A podiatrist will evaluate your specific gait mechanics and arch position to determine whether over-the-counter insoles are sufficient or whether custom orthotics would better support your foot structure. Custom orthotics are molded precisely to your foot and correct the overpronation that develops as relaxin loosens your ligaments, reducing strain on the plantar fascia and arch tissue with every step you take.

Because your foot shape often changes after delivery, your podiatrist will typically recommend a post-partum reassessment to update your orthotics once your ligament tone stabilizes.

Hands-on treatment for pain and swelling

Your podiatrist can also apply treatments that directly reduce inflammation and tissue stress, including ultrasound therapy, offloading taping techniques, and targeted stretching protocols designed for your specific condition. These approaches address the mechanical root of your pain rather than just the symptoms.

If your swelling or nerve symptoms are severe, your podiatrist can coordinate directly with your OB to confirm which interventions are safe at your current stage of pregnancy.

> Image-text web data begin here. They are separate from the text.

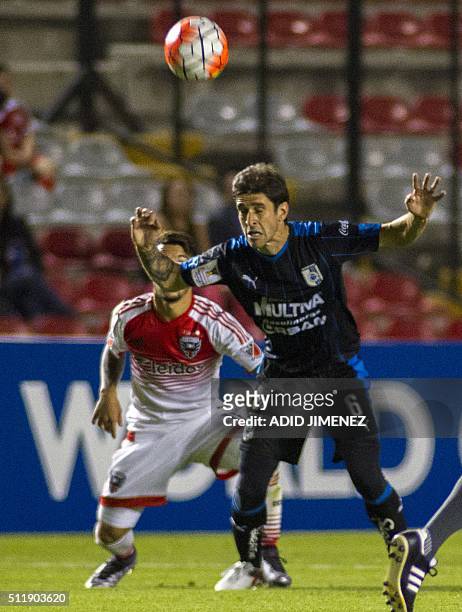 Juan Forlin of Queretaro vies for the ball with Luciano Acosta of DC United, during their CONCACAF Quarterfinal Champions League football match at...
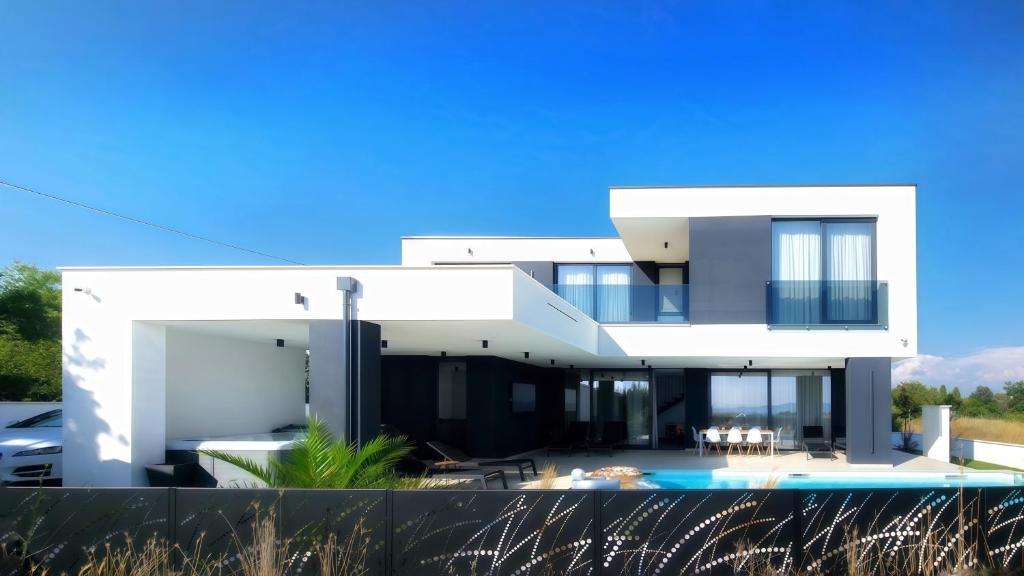 a large white house with a swimming pool at Villa 1 in Kožino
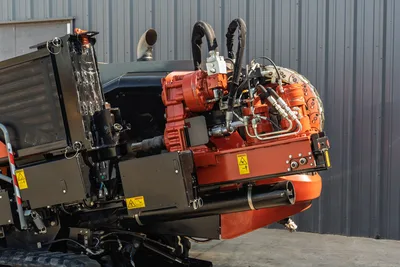 2020 Ditch Witch JT24 directional drill carriage, rotation motor, and hydraulic plumbing detail; side-profile close-up view.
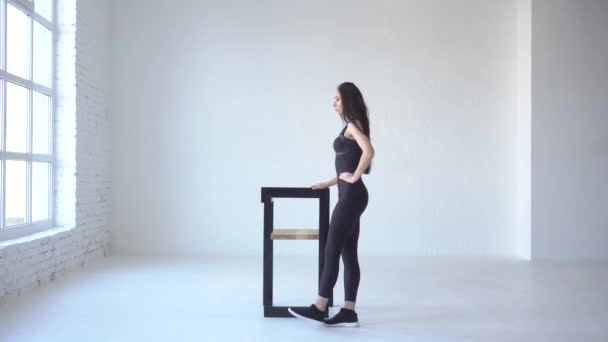 スポーティな細い女性のトレーナーは、白い分離スタジオの椅子にもたれながらキックをやっています。フルレングス サイドビュー。4 k. — ストック動画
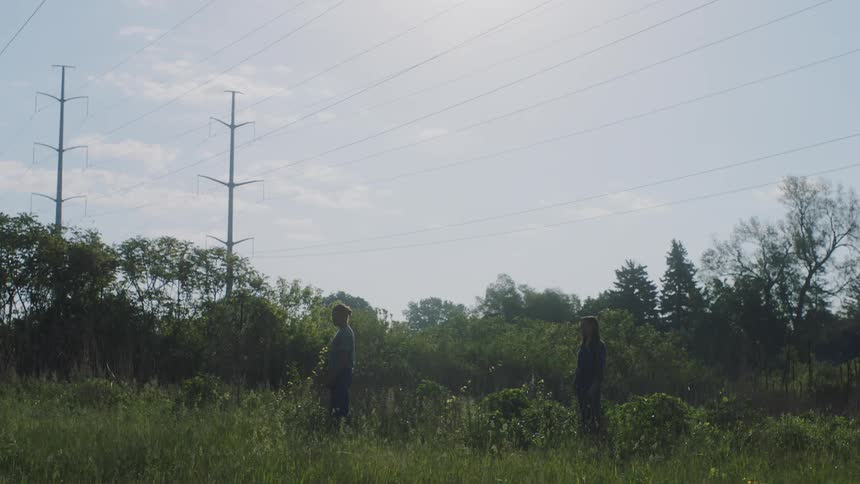 Two people standing in the grass frozen and unmoving
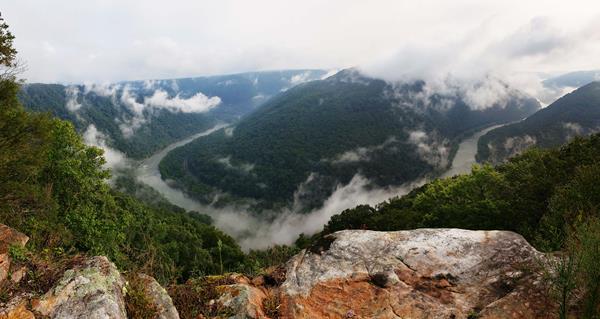 a view into a deep river gorge with clouds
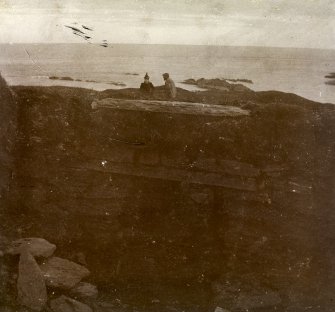 Photograph of man and a woman standing on top of Elsay Broch. 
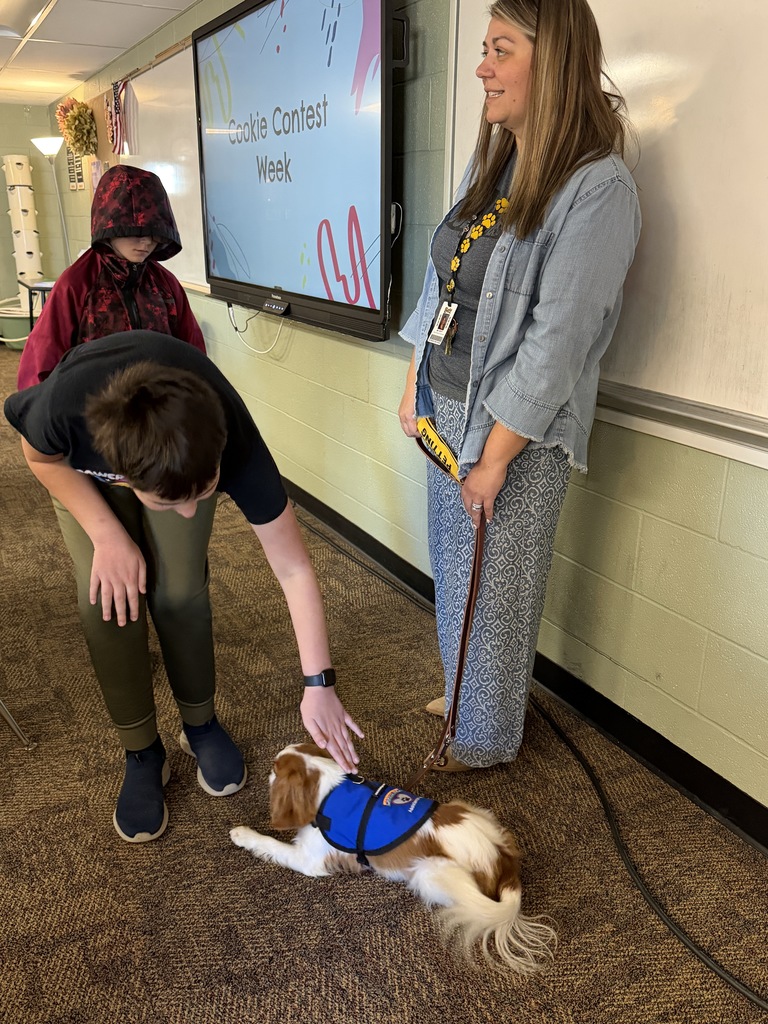 MS student petting Ernie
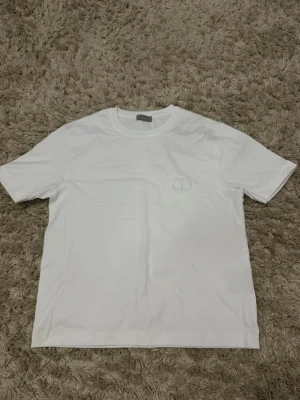 Vit basic t-shirt med diskret logga - Säljer en stilren vit t-shirt i bomull med korta ärmar och rund hals. På bröstet finns en liten, diskret broderad logga i vitt. Perfekt för dig som gillar minimalistisk och clean stil.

foot pain third trimester infographic

A simple plan for the next few days

Foot pain third trimester doesn’t have to dominate your final weeks. Start with the basics: switch to supportive shoes today and commit to elevating your feet for 20 minutes at least twice a day. Add the calf stretch and plantar fascia roll to your morning routine, and pay attention to how your pain responds over the next three to five days.

If those steps reduce your discomfort, keep going and stay consistent. If your pain stays the same or gets worse despite these changes, or if you notice any of the warning signs covered earlier, that’s your signal to get a professional evaluation. A podiatrist can identify exactly what’s driving your symptoms and build a treatment plan that works safely alongside your pregnancy care.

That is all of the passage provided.